Дома строились на кредиты «Агроджойнта» по типовому
проекту. Большая жилая комната, перегороженная на спальню и «зал». Кухня и
коридор. Из коридора дверь вела прямо на улицу, в царство жары и солнца летом,
ветра и грязи зимой.
Так как дома
проектировались для крестьянского хозяйства, вторая часть представляла собой
амбар – большое помещение с глинобитным полом, под общей черепичной крышей
с жилой половиной. Полы в жилых комнатах были из струганых сосновых досок, из
таких же досок подшивали потолки. Я и братишка тщательно изучали причудливые
рисунки, образуемые на потолке сучками. Лежа в кровати, мы разглядывали эти
кольца, разводы, переплетения и находили в них образы людей, животных, кустов и
деревьев.
На кухне была
плита. Туда же выходила вторая топочная дверца, для специальной печи, которая служила
для обогрева жилых комнат, топилась с кухни и делила жилую половину на спальню
и зал. Груба имела увеличенную топочную камеру, в
которой могли поместиться металлические салазки. На них размещали четыре формы
для выпечки хлеба. Топили в те предвоенные годы соломой, хворостом, оставшимся
после обрезки винограда, стеблями кукурузы, подсолнечника, кураем.

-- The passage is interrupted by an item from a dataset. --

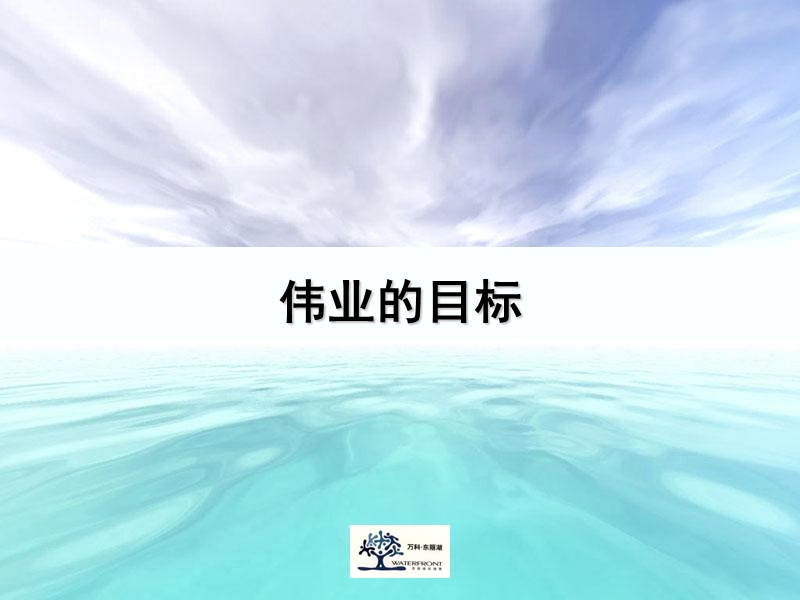 伟业天津东丽湖全案报告（232p）.ppt_第3页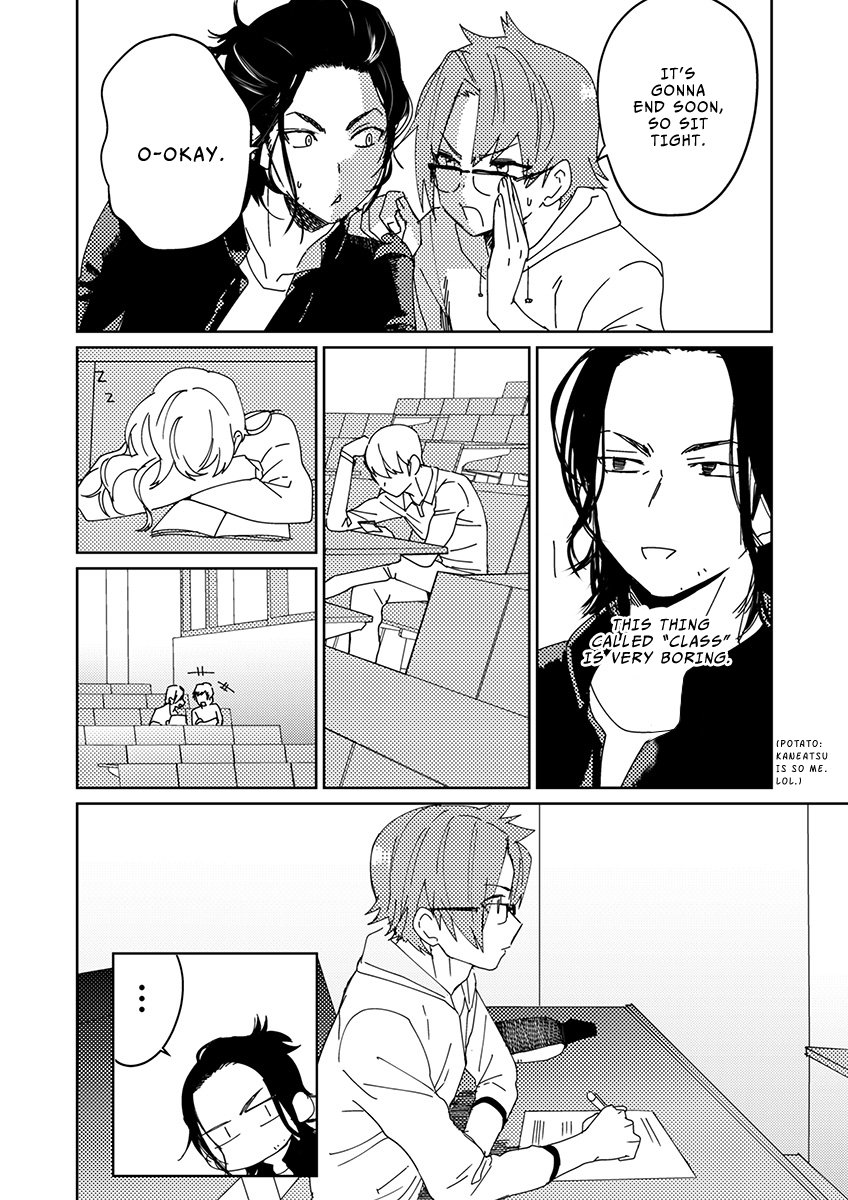 Samurai Lover - Page 74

Сухой курай считался высококалорийным топливом, но
затолкать в печь его колючие жесткие стебли было не очень просто. Маме,
выросшей в Белоруссии на русской печке, изобилии дров, пришлось учиться печь
хлеб на соломе. Выпечка хлеба – это целое искусство. Для начала нужны
дрожжи или немного кислого теста для опары. Мама разводила в кастрюле муку,
дрожжи или закваску, ставила в теплое место. Когда опара была готова, на ее
основе в деревянном корытце замешивала тесто. Укрывала, ждала, когда подойдет.
Удачное тесто заполняло собой все корытце, грозилось перелиться через край.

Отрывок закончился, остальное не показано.